Altschul opens Deus Ex Machina with a quote from Plato’s Republic, specifically from his allegory of the cave, which examines the mechanisms by which human ignorance perpetuates its illusions. Prisoners are chained from birth to prevent them from seeing anything but a cave’s rear wall. As figures pass behind their backs, they cast shadows onto the wall, which become the only reality the prisoners will ever know. Plato’s cave offers an allegory for the producer’s spiritual dilemma in an experiment that has spiraled dangerously out of control; when he discovers a cave on the island—a real, uncharted cave invisible to the spycams’ unblinking eyes and untainted by high-tech sound and aroma enhancing equipment—he becomes obsessed with it, convinced that it holds the secret to save the Deserted from their predictability and lack of humanity and to redeem his own lost soul.
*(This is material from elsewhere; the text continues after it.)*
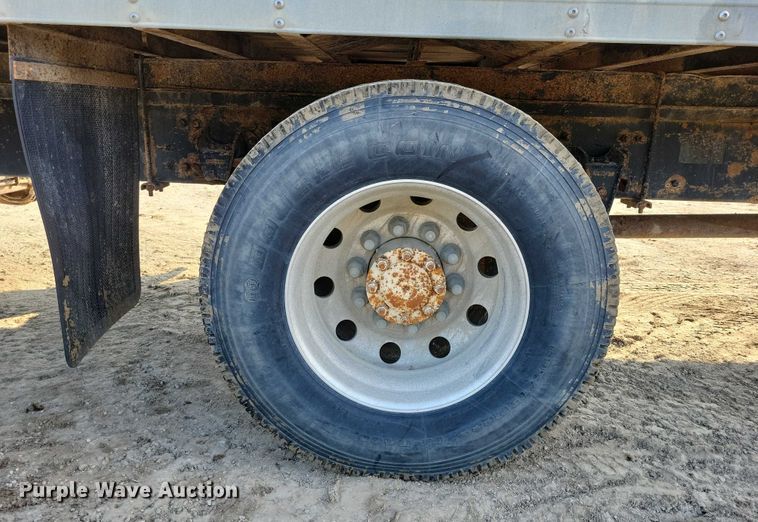 image for item DZ6489 2000 Freightliner  FL70 box truck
It’s simple. So simple that the discovery is accompanied by embarrassment—how could he not have understood until now? […] They’d go in without expectations, without promise of reward, and once they’d passed beyond the entrance’s lingering light a voice would ask, “What is love?” and until they answered honestly, until they said something unpracticed, unironic, without bravado or hidden agenda, something that exposed them as the lonely, confused, terrified people that deep down they had to be, they would not be allowed to leave. […] He would not accept cant or cliché, would not settle for advertising slogans. No, they would stay in that cave—alone, unaided, with no time limit on this last, crucial ordeal—until they said something original, something that came from whatever was left of their authentic selves.
Ultimately, Deus Ex Machina is a beautifully written treatment on the anguish and uncertainty of being. In this sense, reality TV and all the attention-craving exploits of celebrity culture can be reduced to a common denominator: our dire need for affirmation that we exist. Just as we are Plato’s strange prisoners lost in a world of shadows, we are also the Deserted: living our lives as though they mattered in some greater scheme of things—and terrified by the prospect that there might not be a larger consciousness, benign or malevolent, to bear witness. In revealing to us the dehumanizing power of the very media we’ve grown so addicted to, Altschul whisks us through a dystopian world of fast-paced staff meetings and surreal mise-en-scènes—and in the end pleads the case that love is the only force that can help us regain our humanity and restore us to ourselves. And in view of all the ignorance and meaninglessness we wrap around ourselves for comfort, this is not a plea to be taken lightly.